• Exercise details: Nothing but the pictures should be left out when you copy the records exactly.

(Web page caption snippets)
- Opening Delimiter -

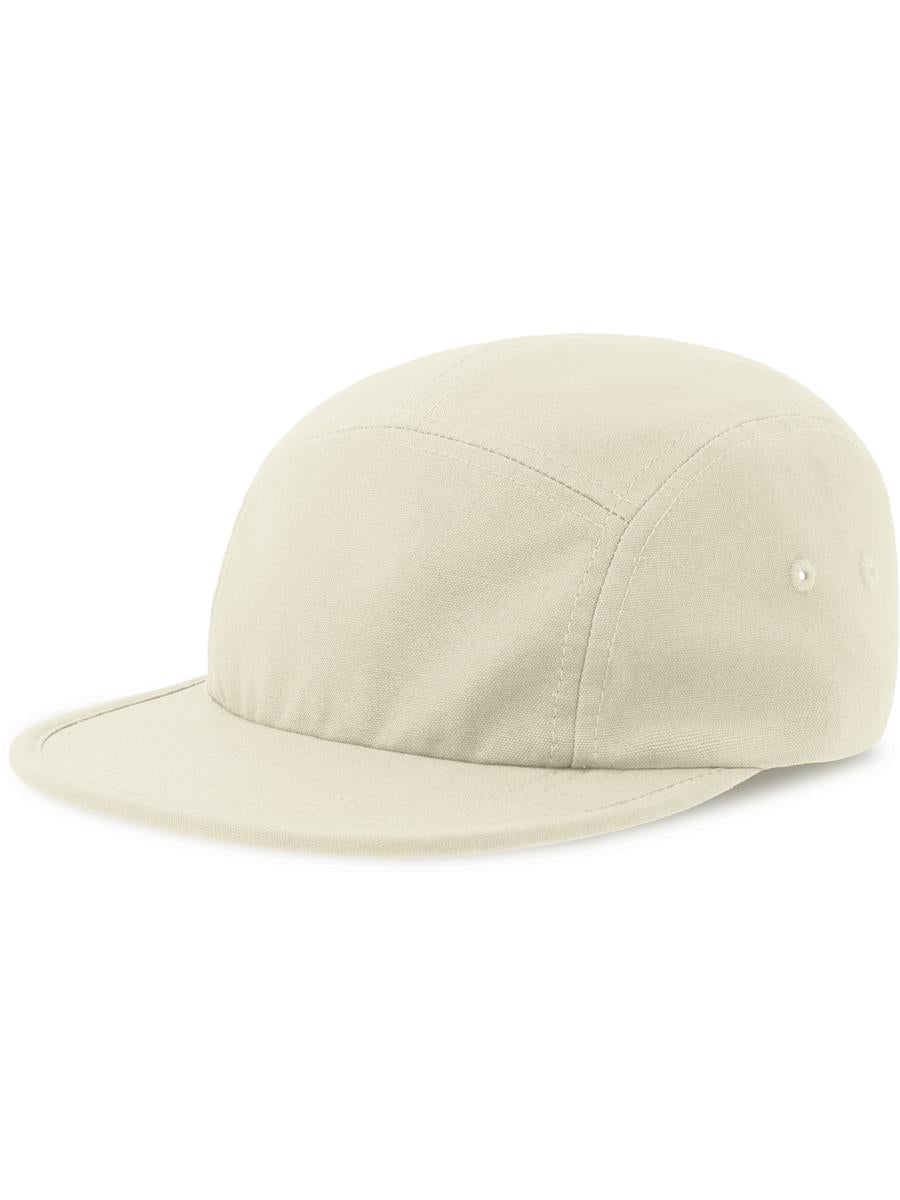 Darwin 5 Panel Unstructured Low Profile Flat Visor Organic Camper Cap — Off White [ABS-COLOUR:ACDARC:PA]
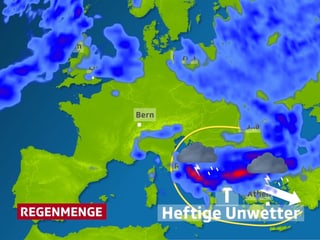Auf der Europakarte  ist in farbigen Flächen der zu erwatende Regen dargestellt.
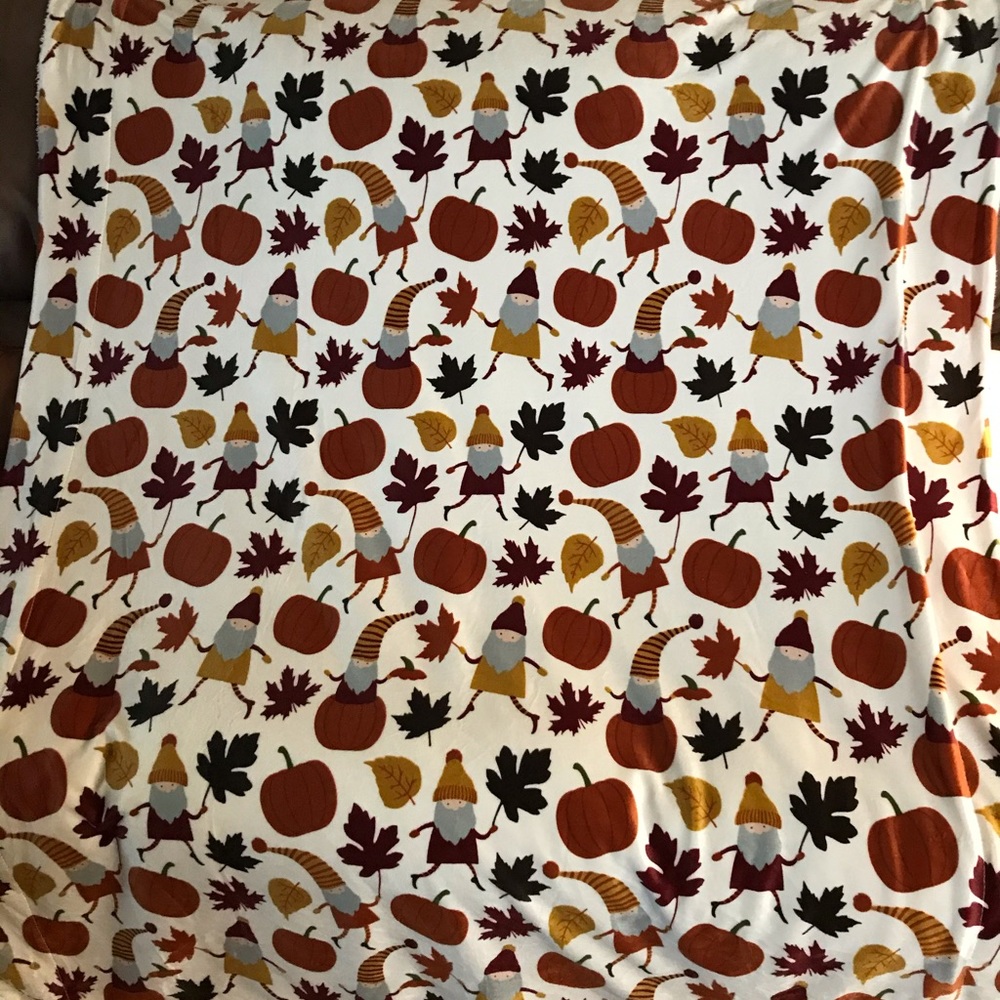 Gnome Autumn/Fall Throw Blanket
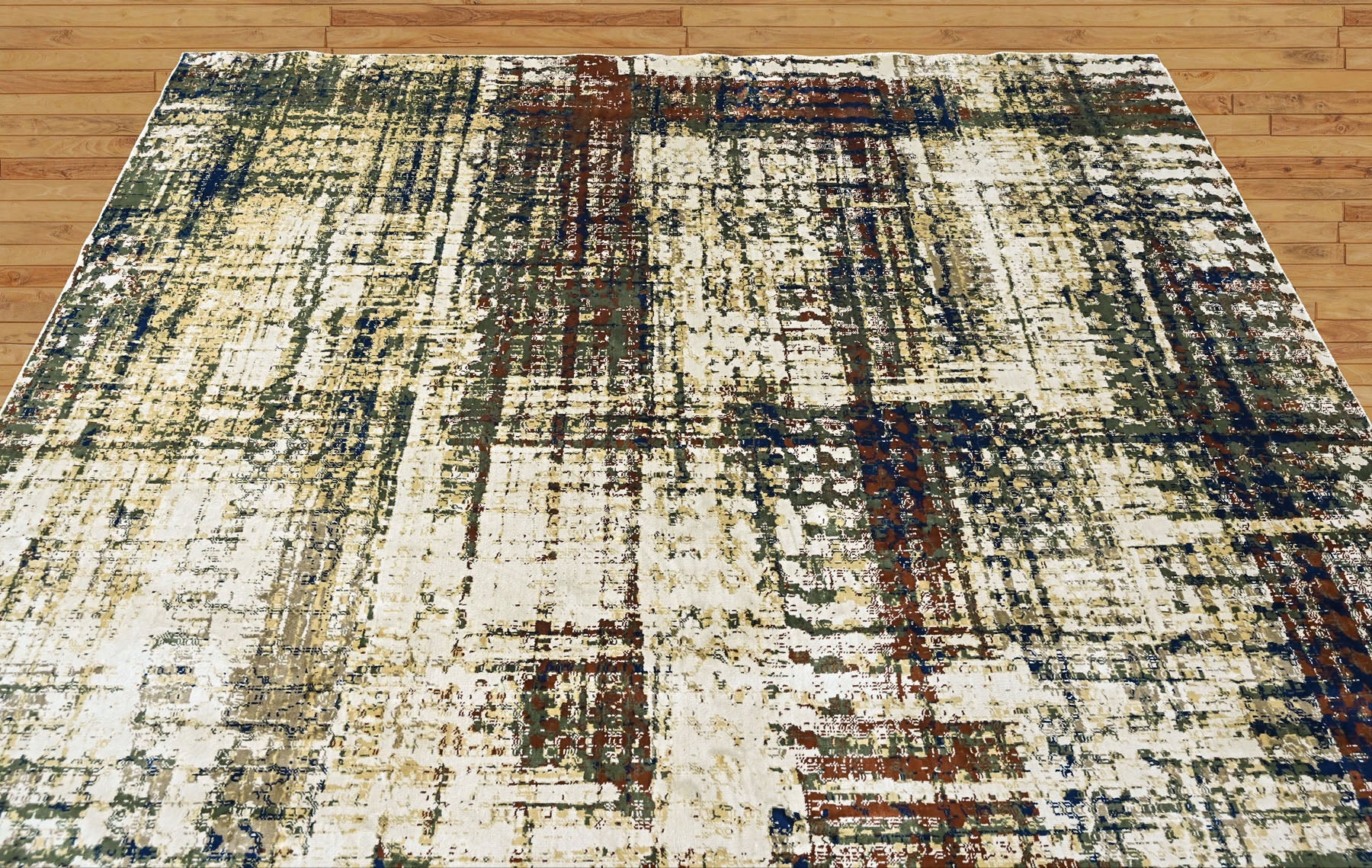 9x12 Beige, Gray, Rust Color Power Loom Oushak Wool Modern Oriental Rug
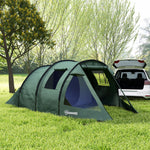 3-4 Persons Tunnel Tent, Two Room Camping Tent W/ Windows | Green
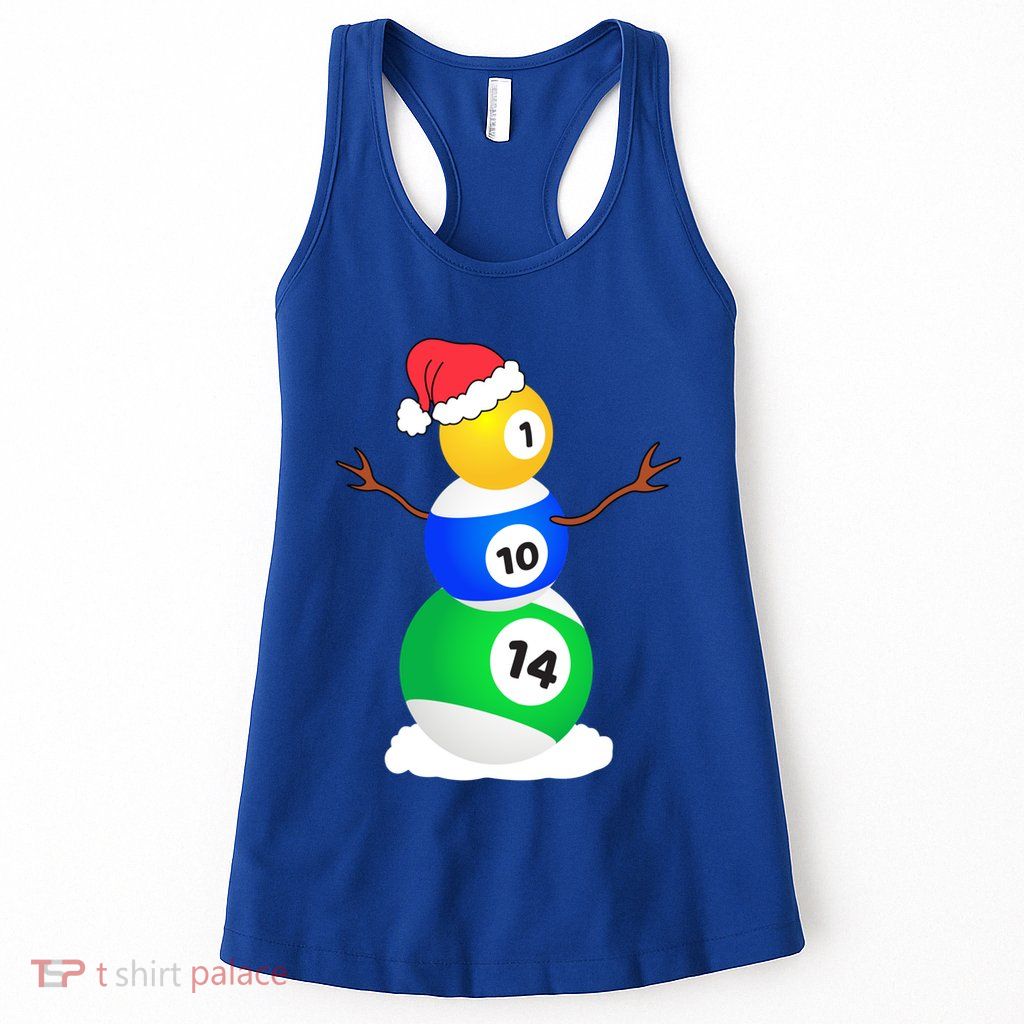 Billiards Christmas Snow Cute Gift Pool Player Christmas Pjs Funny Gift Womens Tank Top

- Closing Delimiter -

• Task answer:
 Darwin 5 Panel Unstructured Low Profile Flat Visor Organic Camper Cap — Off White [ABS-COLOUR:ACDARC:PA]
Auf der Europakarte  ist in farbigen Flächen der zu erwatende Regen dargestellt.
 Gnome Autumn/Fall Throw Blanket
 9x12 Beige, Gray, Rust Color Power Loom Oushak Wool Modern Oriental Rug
 3-4 Persons Tunnel Tent, Two Room Camping Tent W/ Windows | Green
 Billiards Christmas Snow Cute Gift Pool Player Christmas Pjs Funny Gift Womens Tank Top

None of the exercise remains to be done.